* [Instructions to follow]:
Reproduce only this stretch of the listing below: from the line with "Heviz Apartment | Apartmanház King" through the line with "Black Weeks SUP Board Special", exactly as written, with pictures excluded.

* [Data listing]:
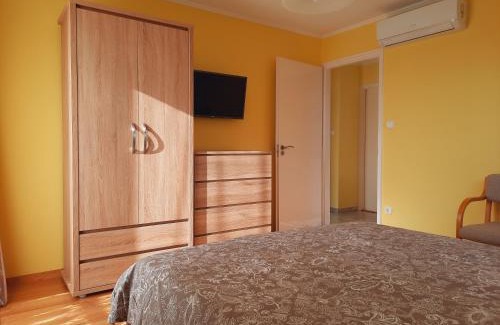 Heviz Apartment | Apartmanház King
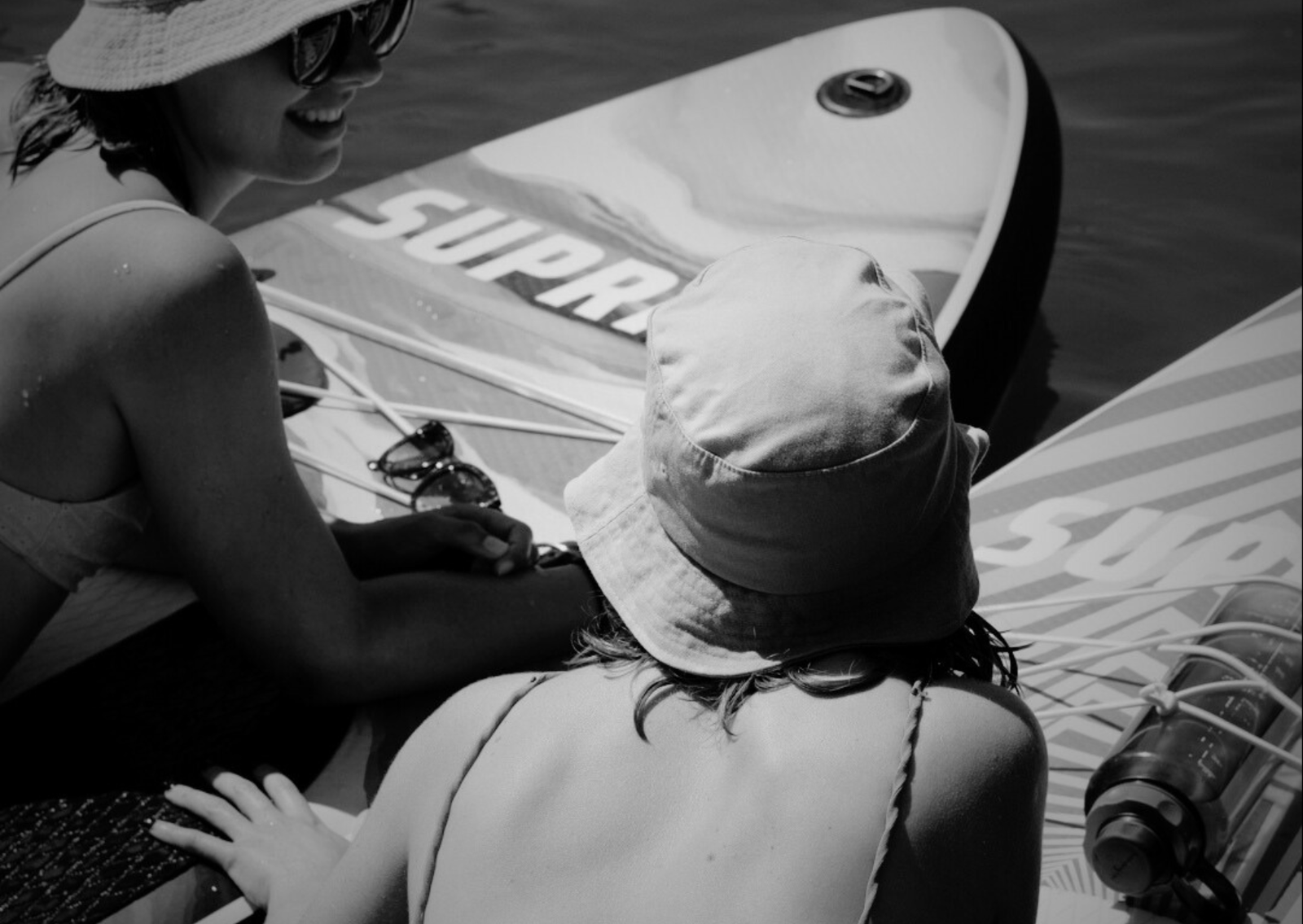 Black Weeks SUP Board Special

==

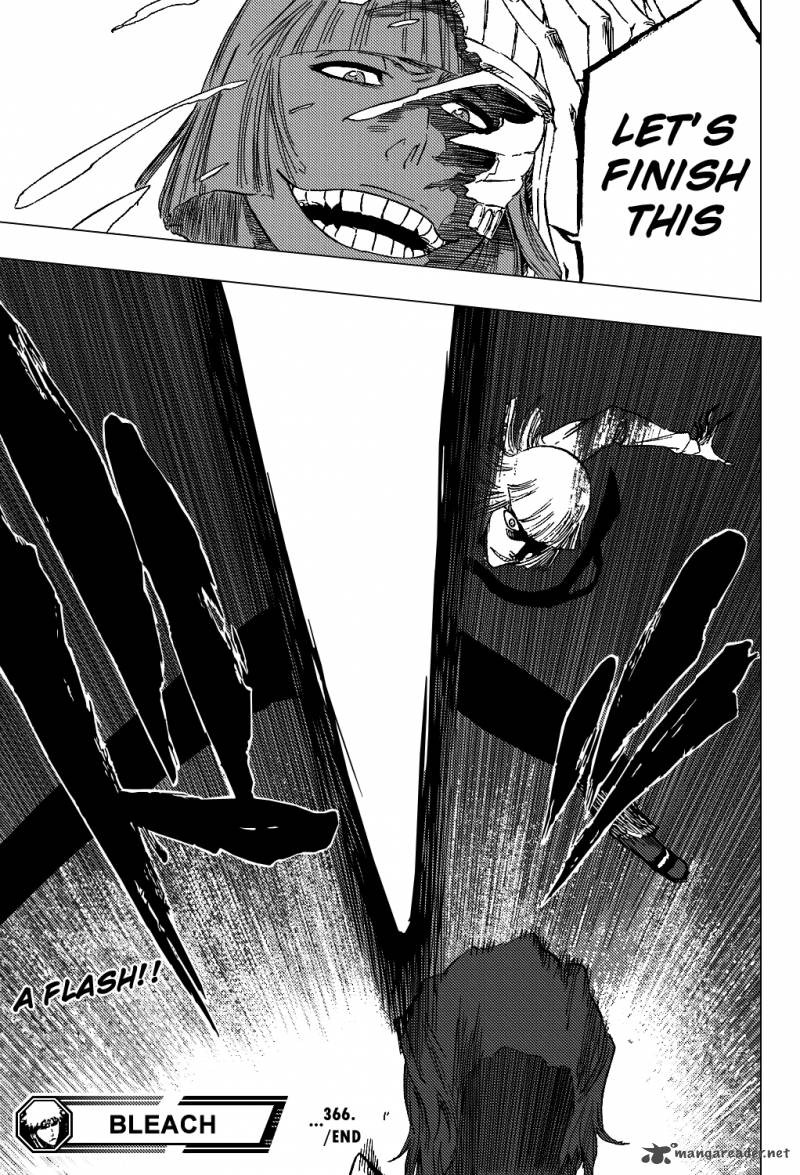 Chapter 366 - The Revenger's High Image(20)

--

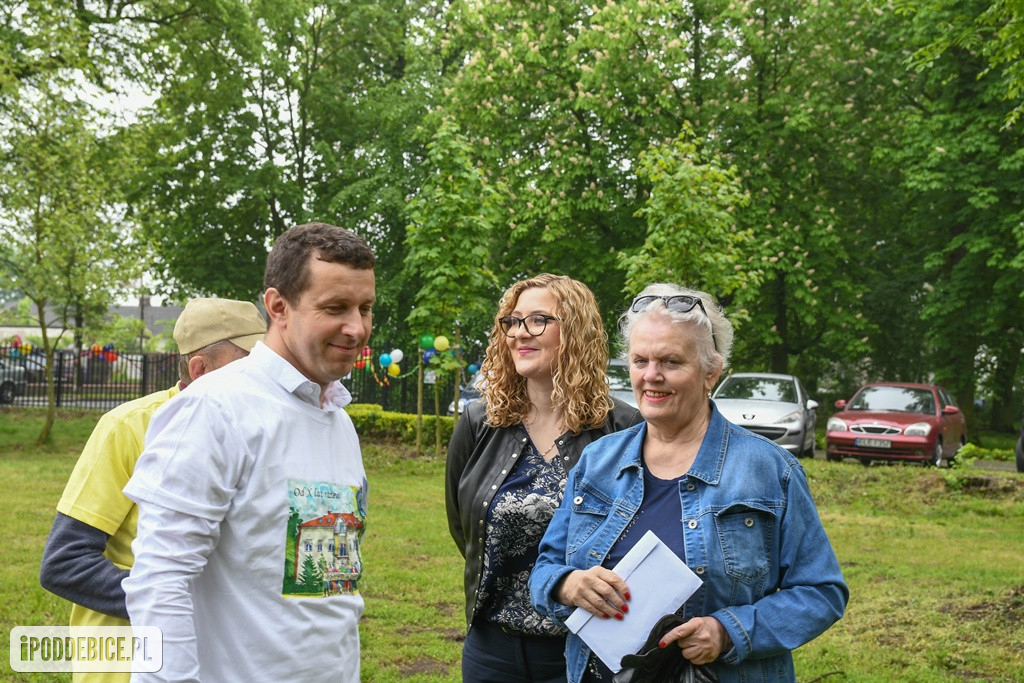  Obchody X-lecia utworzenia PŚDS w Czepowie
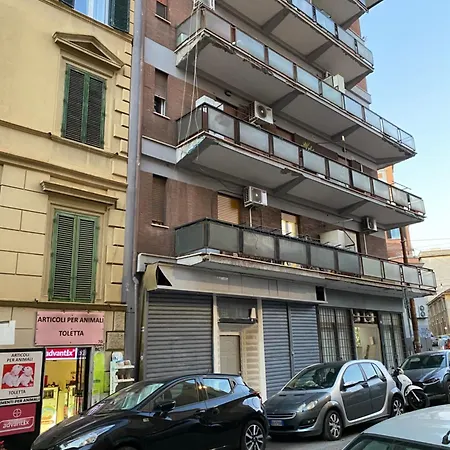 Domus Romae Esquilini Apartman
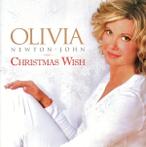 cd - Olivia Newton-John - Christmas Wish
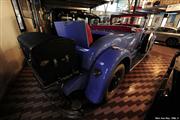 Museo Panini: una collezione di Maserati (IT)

* [Written reply]:
 Heviz Apartment | Apartmanház King
 Black Weeks SUP Board Special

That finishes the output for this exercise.